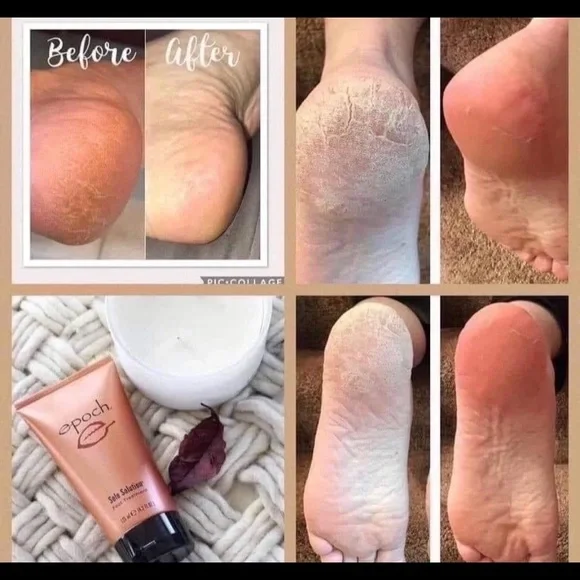 - (2) TWO Epoch NuSkin Sole Solution foot treatment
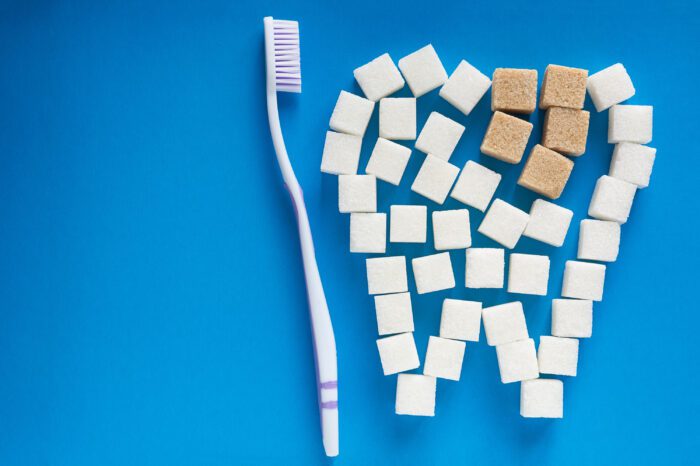 Does Sugar Cause Cavities?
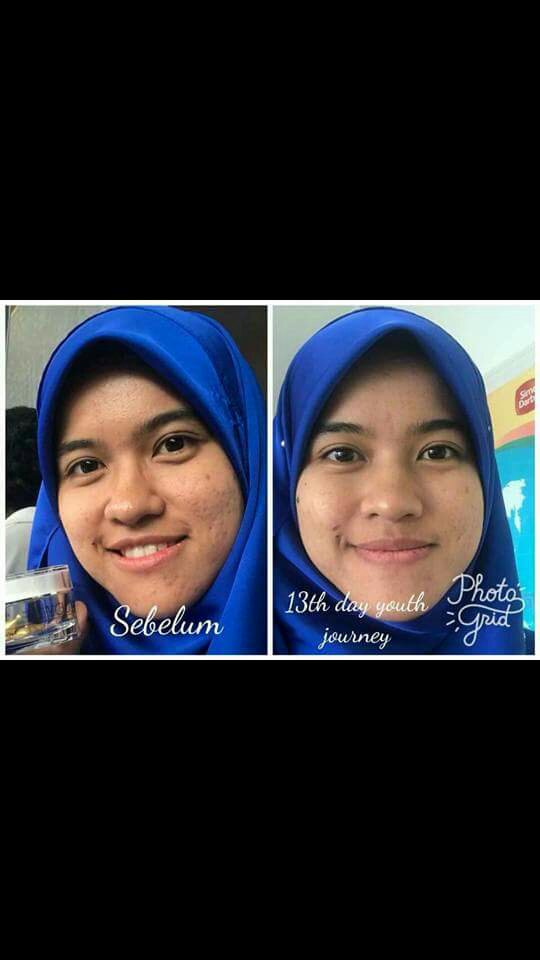 Testimoni Youth SkinCare Shaklee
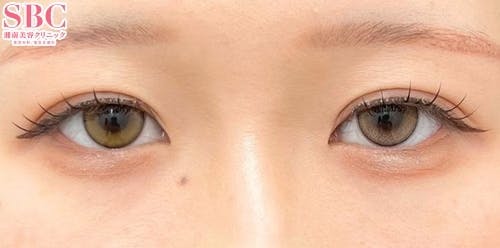 【20代女性・目元】クイックコスメティーク・ダブルNeo_after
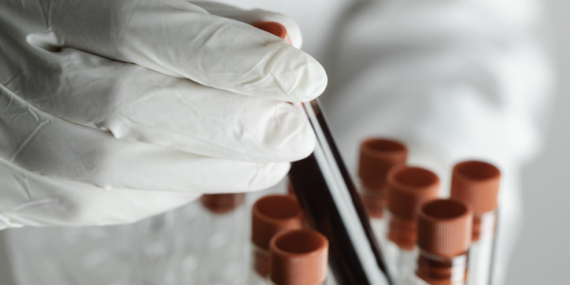 ‘Gençlik’ bu proteinlerde saklı olabilir… 100 yaşına ulaşmanın sırrı kanımızda mı?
^^^^^^^^^^^^^^^^
Please set down the records exactly, and keep every image out of the copy.

 - (2) TWO Epoch NuSkin Sole Solution foot treatment
 Does Sugar Cause Cavities?
 Testimoni Youth SkinCare Shaklee
 【20代女性・目元】クイックコスメティーク・ダブルNeo_after
 ‘Gençlik’ bu proteinlerde saklı olabilir… 100 yaşına ulaşmanın sırrı kanımızda mı?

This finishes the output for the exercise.